▶ **Input**
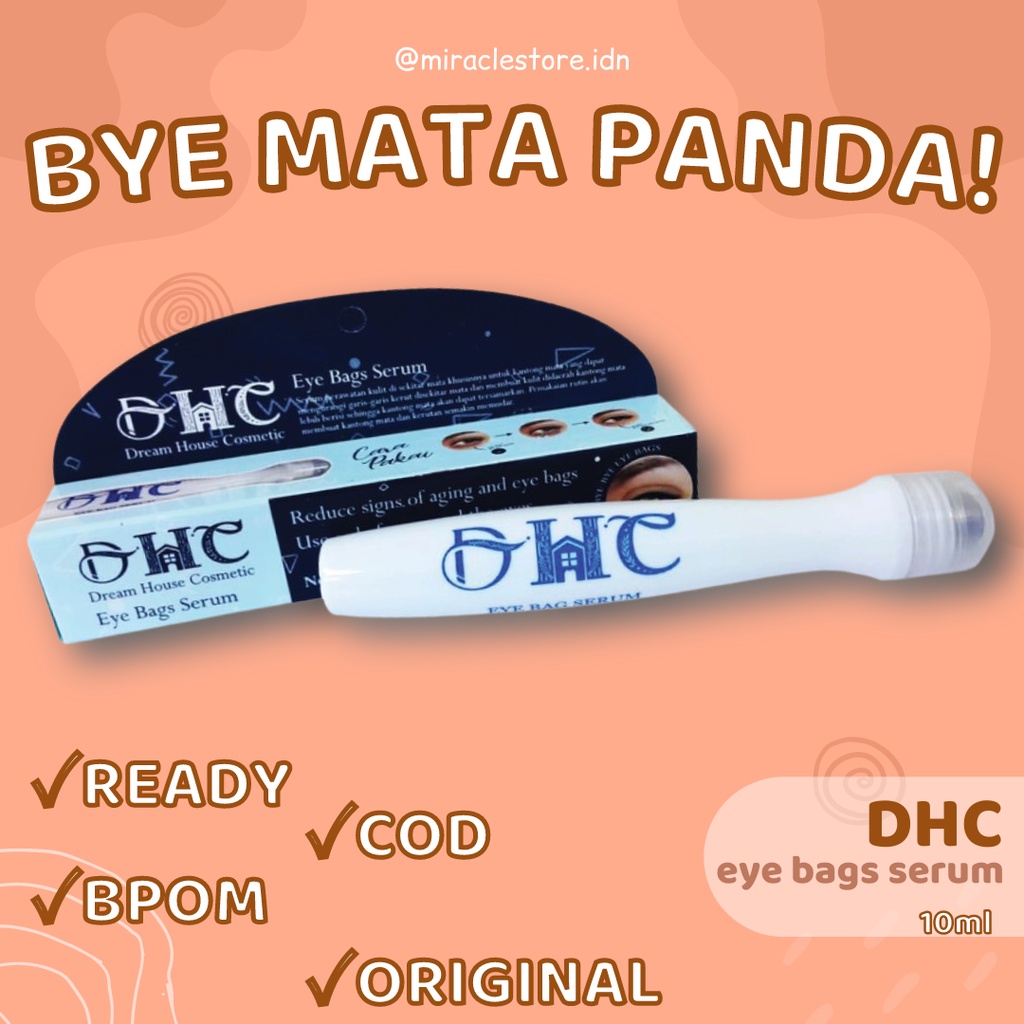 Jual BPOM DHC EYEBAG SERUM PENGHILANG MATA PANDA AMPUH l DREAM HOUSE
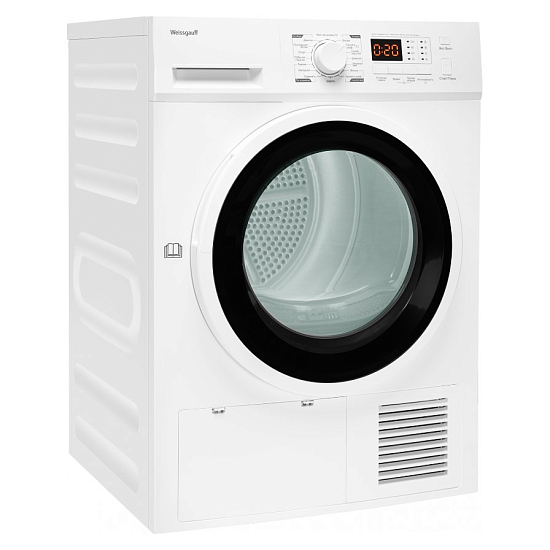 Сушильная машина Weissgauff WD 6148 D Heat Pump белый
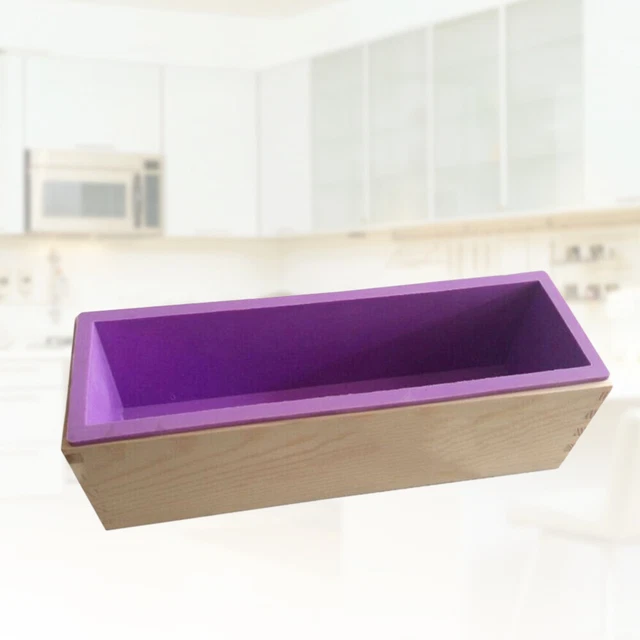 Jabón rectangular de silicona moldeado a mano hecho a mano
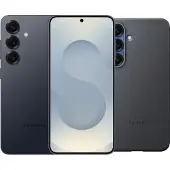 Samsung Galaxy S25 256GB Grau 5G + Kindsuit Backcover Schwarz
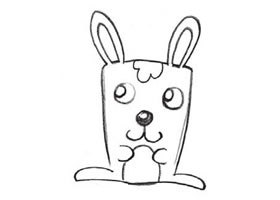 兔子的創(chuàng)意素描畫(huà)法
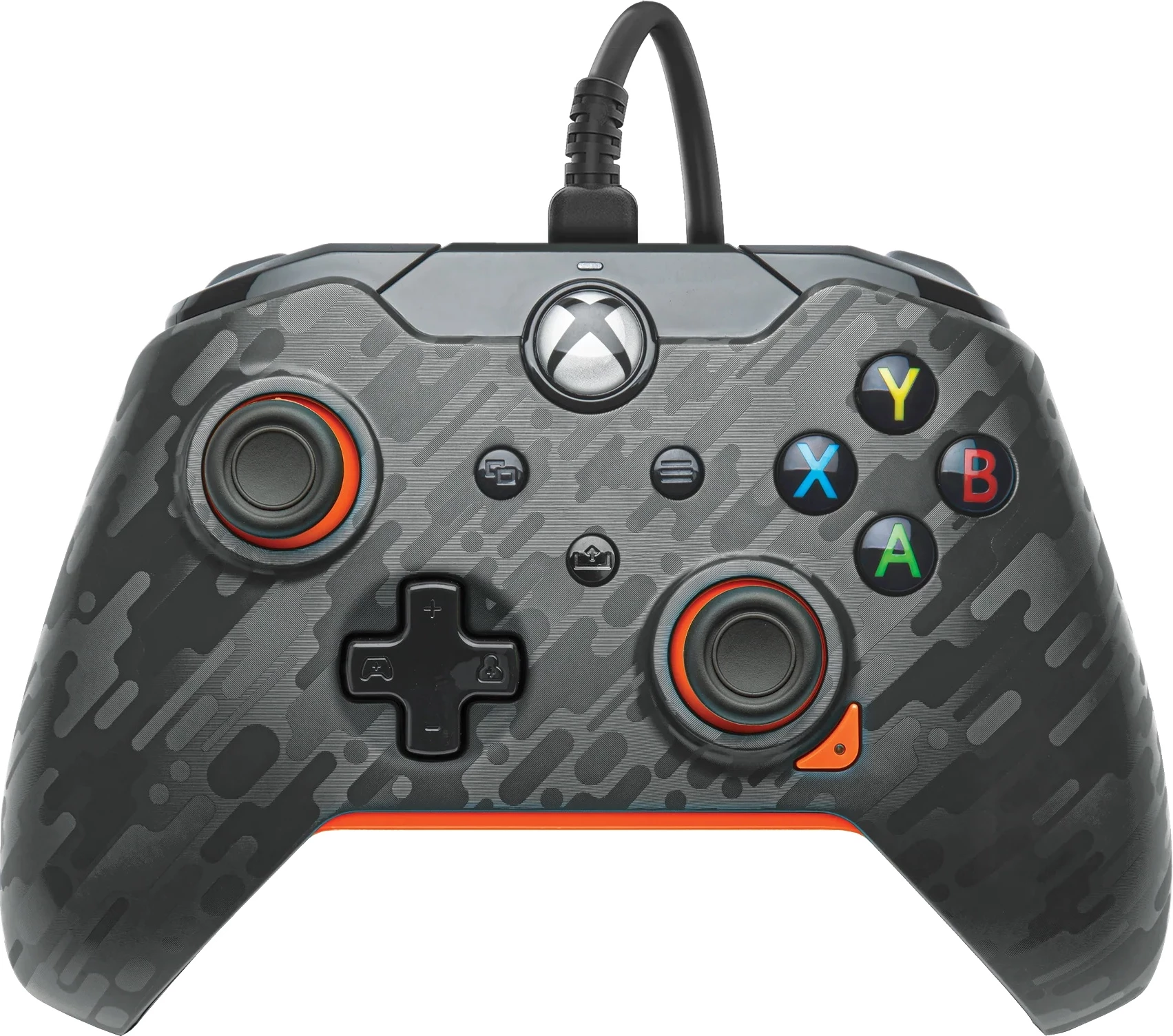 Kontroller me kabllo PDP Xbox Wired Controller Carbon Atomic, kabllo 2.5 m, gri/portokalli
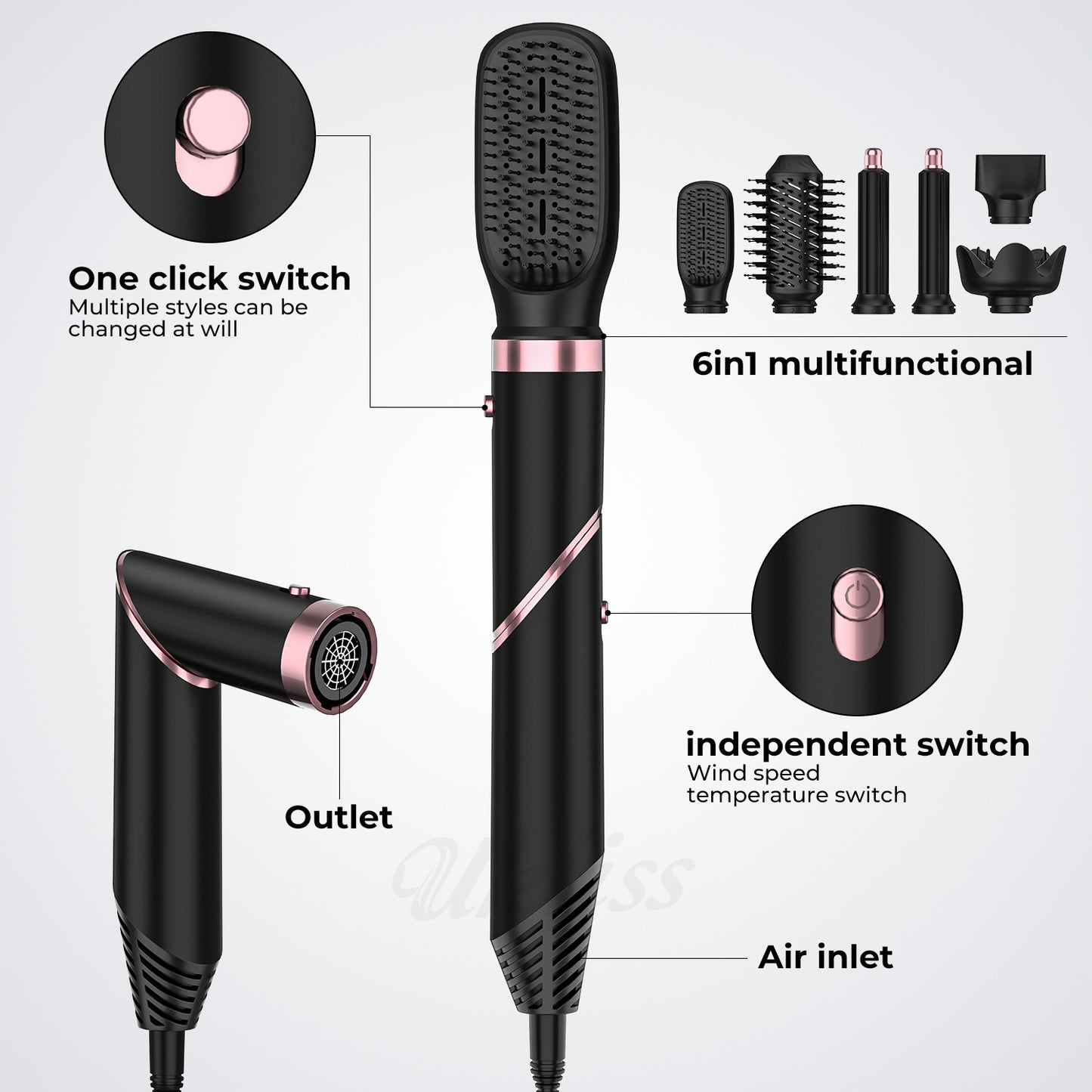 High-Speed Hair Dryer Automatic Hair Suction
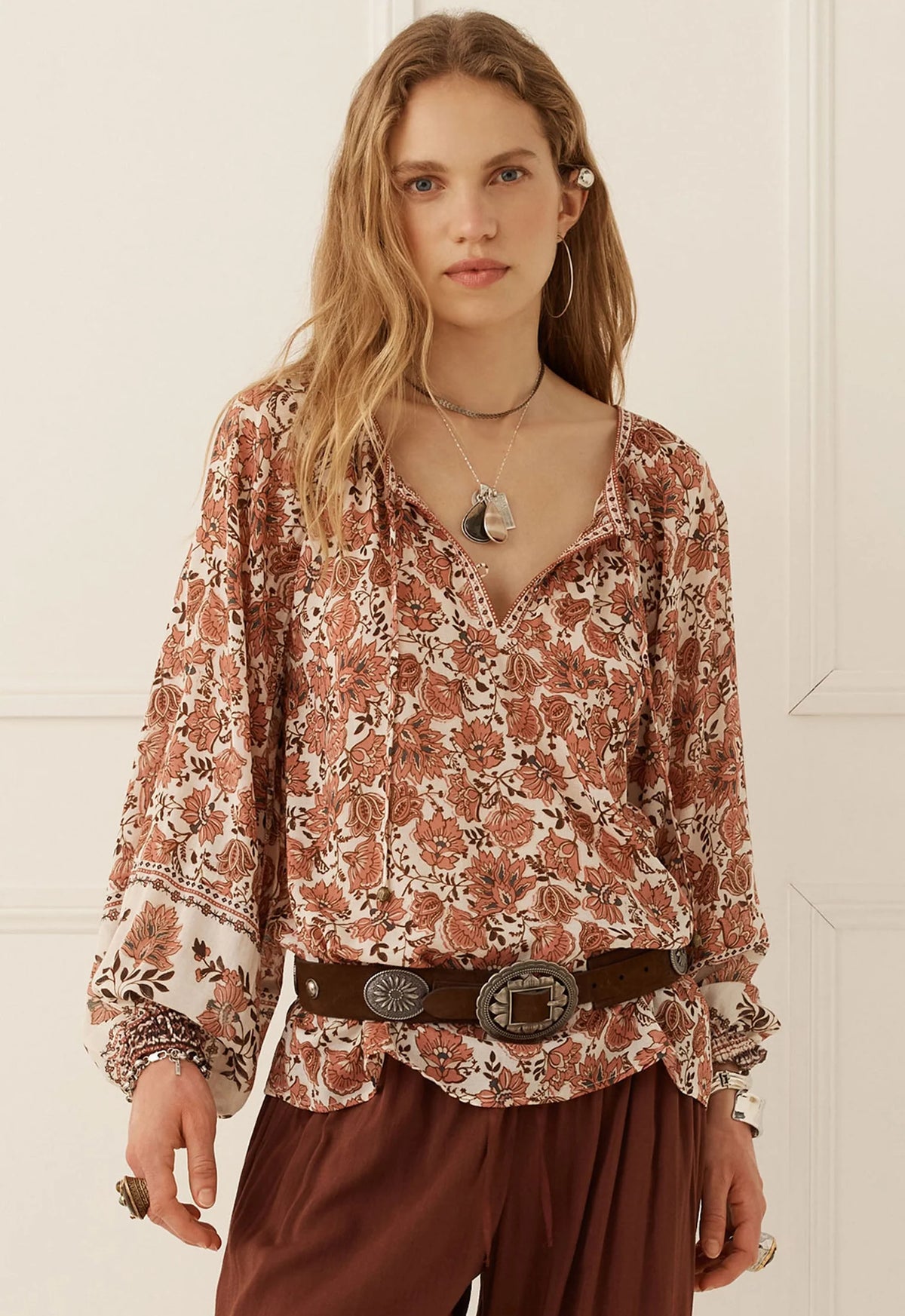 Petalwood Blouse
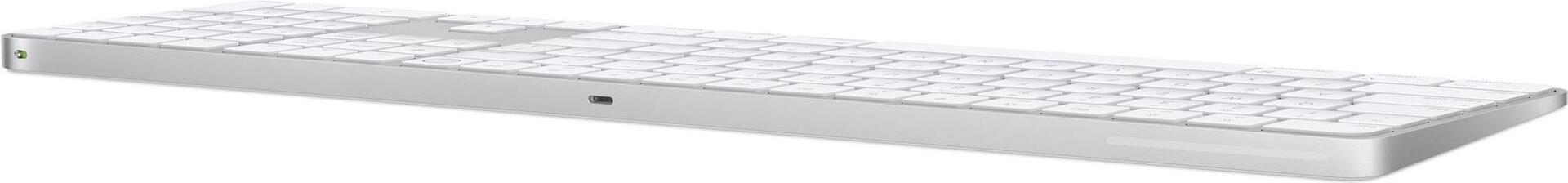 Купить Apple Magic Keyboard with Touch ID and Numeric Keypad - Tastatur - Bluetooth - AZERTY - Französisch - Silber - für iMac (Anfang 2021), Mac mini (Ende 2020), MacBook Air (Ende 2020), MacBook Pro (Ende 2020) (MK2C3F/A) в магазине wardena.ru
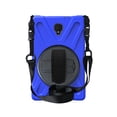 thumbnail image 5 of KIQ Galaxy Tab A 10.5 Case, 2018, T590 Heavy Duty Shield Cover Tempered Glass Screen Protector Shoulderstrap for Samsung Galaxy Tab A 10.5 SM-T590/SM-T595 [Blue], 5 of 15
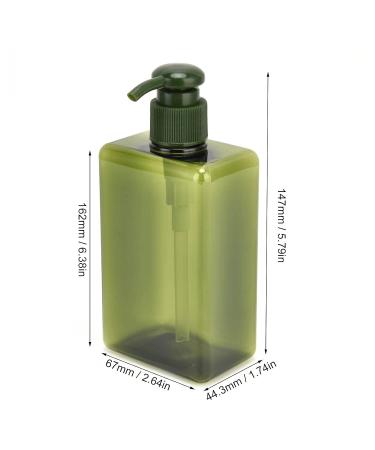 Travel Size Toiletries Leakproof 280ml Plastic Pump Bottles | 3Pcs Thickened Travel Bottles for Bathroom & Kitchen - Buy Online on GoSupps.com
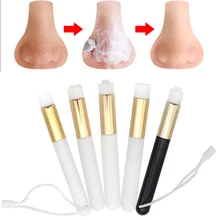 20 шт кисточка для носа леди удаление лица очищающая мягкая щетка для ресниц пена ресниц щетка для ухода за лицом черная голова щетка Шампунь Щетка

▶ **What this task involves**
Only the pictures are to be left out; print everything else in the listing exactly.

▶ **Output for this exercise**
 Jual BPOM DHC EYEBAG SERUM PENGHILANG MATA PANDA AMPUH l DREAM HOUSE
 Сушильная машина Weissgauff WD 6148 D Heat Pump белый
 Jabón rectangular de silicona moldeado a mano hecho a mano
 Samsung Galaxy S25 256GB Grau 5G + Kindsuit Backcover Schwarz
 兔子的創(chuàng)意素描畫(huà)法
 Kontroller me kabllo PDP Xbox Wired Controller Carbon Atomic, kabllo 2.5 m, gri/portokalli
 High-Speed Hair Dryer Automatic Hair Suction
 Petalwood Blouse
 Купить Apple Magic Keyboard with Touch ID and Numeric Keypad - Tastatur - Bluetooth - AZERTY - Französisch - Silber - für iMac (Anfang 2021), Mac mini (Ende 2020), MacBook Air (Ende 2020), MacBook Pro (Ende 2020) (MK2C3F/A) в магазине wardena.ru
 thumbnail image 5 of KIQ Galaxy Tab A 10.5 Case, 2018, T590 Heavy Duty Shield Cover Tempered Glass Screen Protector Shoulderstrap for Samsung Galaxy Tab A 10.5 SM-T590/SM-T595 [Blue], 5 of 15
 Travel Size Toiletries Leakproof 280ml Plastic Pump Bottles | 3Pcs Thickened Travel Bottles for Bathroom & Kitchen - Buy Online on GoSupps.com
 20 шт кисточка для носа леди удаление лица очищающая мягкая щетка для ресниц пена ресниц щетка для ухода за лицом черная голова щетка Шампунь Щетка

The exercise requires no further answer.